Surface‐wave data from a portable broadband array have been used to invert for the velocity structure of the crust and upper mantle beneath the Chaco and Paraná Basins of central South America. The upper‐mantle velocity structure beneath the Paraná Basin is cratonic in character, whereas that beneath the Chaco Basin is tectonic or asthenospheric in character. The surface‐wave analysis used broadband recordings from a subset of a 14‐station array deployed in a roughly east‐west sawtooth arrangement along 20°S latitude, with a total E‐W aperture of ∼1,400 km.
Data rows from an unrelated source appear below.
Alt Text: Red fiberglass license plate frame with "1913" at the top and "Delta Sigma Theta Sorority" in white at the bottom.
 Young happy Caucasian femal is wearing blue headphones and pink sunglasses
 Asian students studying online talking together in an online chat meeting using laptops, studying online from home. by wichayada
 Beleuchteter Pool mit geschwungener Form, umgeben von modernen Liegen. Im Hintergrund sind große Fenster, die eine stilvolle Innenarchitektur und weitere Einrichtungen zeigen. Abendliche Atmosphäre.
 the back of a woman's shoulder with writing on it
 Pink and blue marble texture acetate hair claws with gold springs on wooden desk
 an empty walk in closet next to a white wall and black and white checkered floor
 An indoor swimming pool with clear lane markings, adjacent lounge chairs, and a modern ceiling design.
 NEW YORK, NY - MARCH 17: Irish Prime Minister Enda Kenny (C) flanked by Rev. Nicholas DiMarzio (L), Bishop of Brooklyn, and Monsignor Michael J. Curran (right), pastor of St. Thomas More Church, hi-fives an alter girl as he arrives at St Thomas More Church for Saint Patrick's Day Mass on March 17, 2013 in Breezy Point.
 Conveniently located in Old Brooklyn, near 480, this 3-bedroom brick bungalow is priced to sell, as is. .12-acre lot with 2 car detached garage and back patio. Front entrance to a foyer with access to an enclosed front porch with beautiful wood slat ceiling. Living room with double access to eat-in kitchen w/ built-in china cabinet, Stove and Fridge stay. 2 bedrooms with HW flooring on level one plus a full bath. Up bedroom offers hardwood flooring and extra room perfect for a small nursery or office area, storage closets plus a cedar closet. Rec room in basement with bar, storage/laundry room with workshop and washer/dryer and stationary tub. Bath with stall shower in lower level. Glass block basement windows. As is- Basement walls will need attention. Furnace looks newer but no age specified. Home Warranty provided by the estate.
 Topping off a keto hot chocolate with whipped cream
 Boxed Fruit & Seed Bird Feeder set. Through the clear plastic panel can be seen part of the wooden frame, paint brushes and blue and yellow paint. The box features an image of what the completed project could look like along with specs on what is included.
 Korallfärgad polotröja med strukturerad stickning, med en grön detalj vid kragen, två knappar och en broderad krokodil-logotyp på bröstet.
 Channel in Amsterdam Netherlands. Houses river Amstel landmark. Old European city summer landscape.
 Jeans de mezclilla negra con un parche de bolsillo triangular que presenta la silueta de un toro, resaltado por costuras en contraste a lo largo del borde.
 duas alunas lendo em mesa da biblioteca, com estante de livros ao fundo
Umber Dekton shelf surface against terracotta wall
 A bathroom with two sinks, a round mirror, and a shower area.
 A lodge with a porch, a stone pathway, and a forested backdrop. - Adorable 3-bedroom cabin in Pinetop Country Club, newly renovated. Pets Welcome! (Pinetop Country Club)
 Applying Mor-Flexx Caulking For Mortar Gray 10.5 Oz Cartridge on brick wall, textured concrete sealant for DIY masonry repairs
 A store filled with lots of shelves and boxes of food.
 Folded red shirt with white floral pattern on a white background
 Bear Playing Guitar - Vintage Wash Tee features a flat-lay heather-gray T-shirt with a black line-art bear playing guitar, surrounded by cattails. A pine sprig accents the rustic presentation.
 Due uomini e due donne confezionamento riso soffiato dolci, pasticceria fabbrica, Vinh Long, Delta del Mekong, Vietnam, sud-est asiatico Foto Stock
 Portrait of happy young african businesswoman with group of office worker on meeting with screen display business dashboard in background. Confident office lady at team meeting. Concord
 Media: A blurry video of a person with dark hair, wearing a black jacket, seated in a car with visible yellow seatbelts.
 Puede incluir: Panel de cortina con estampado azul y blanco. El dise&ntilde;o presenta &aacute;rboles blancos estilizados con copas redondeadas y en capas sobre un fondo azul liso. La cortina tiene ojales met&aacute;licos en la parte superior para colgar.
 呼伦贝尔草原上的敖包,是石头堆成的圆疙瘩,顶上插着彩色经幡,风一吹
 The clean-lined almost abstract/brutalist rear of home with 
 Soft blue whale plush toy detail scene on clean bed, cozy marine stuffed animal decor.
Results from receiver‐function analysis, as well as direct P‐wave regional travel‐time data, were used in the inversions to help constrain Moho depths and crust and upper‐mantle velocities. S‐wave structure for the intracratonic Paraná Basin was determined using interstation phase and group velocities for Rayleigh waves (fundamental and first higher mode) and Love waves (fundamental mode only) based on seven events with paths which traverse the eastern Paraná Basin and one event with a path across the western Paraná Basin. The average Moho depth in the eastern Paraná Basin is ∼42 km. The high‐velocity upper‐mantle lid has a maximum S‐wave velocity of 4.7 km/s, with no resolvable low‐velocity zone to at least 200 km depth. This cratonic velocity structure indicates the presence of a lithospheric root beneath the Paraná Basin despite emplacement of the Paraná plume. The limited data from the western Paraná Basin are consistent with a homogeneous upper‐mantle structure throughout the Paraná Basin. Waveform inversion of fundamental‐mode and first‐higher‐mode Rayleigh waves from a single subandean event was used to obtain estimates for pure‐path dispersion along propagation paths through the Chaco Basin and the western half of the Paraná Basin. The data were partitioned to isolate the partial‐path contribution of the phase and group velocities for the Chaco Basin. The phase and group velocities from this somewhat sparse data set were inverted to obtain a velocity‐depth model for the Chaco Basin. The distinguishing features of the Chaco model consist of a rather shallow Moho depth, 32 km, and low (“asthenospheric”) upper‐mantle S‐wave velocities, about 4.2 km/s, with velocity increasing only slightly to about 4.3km/s at 150 km depth.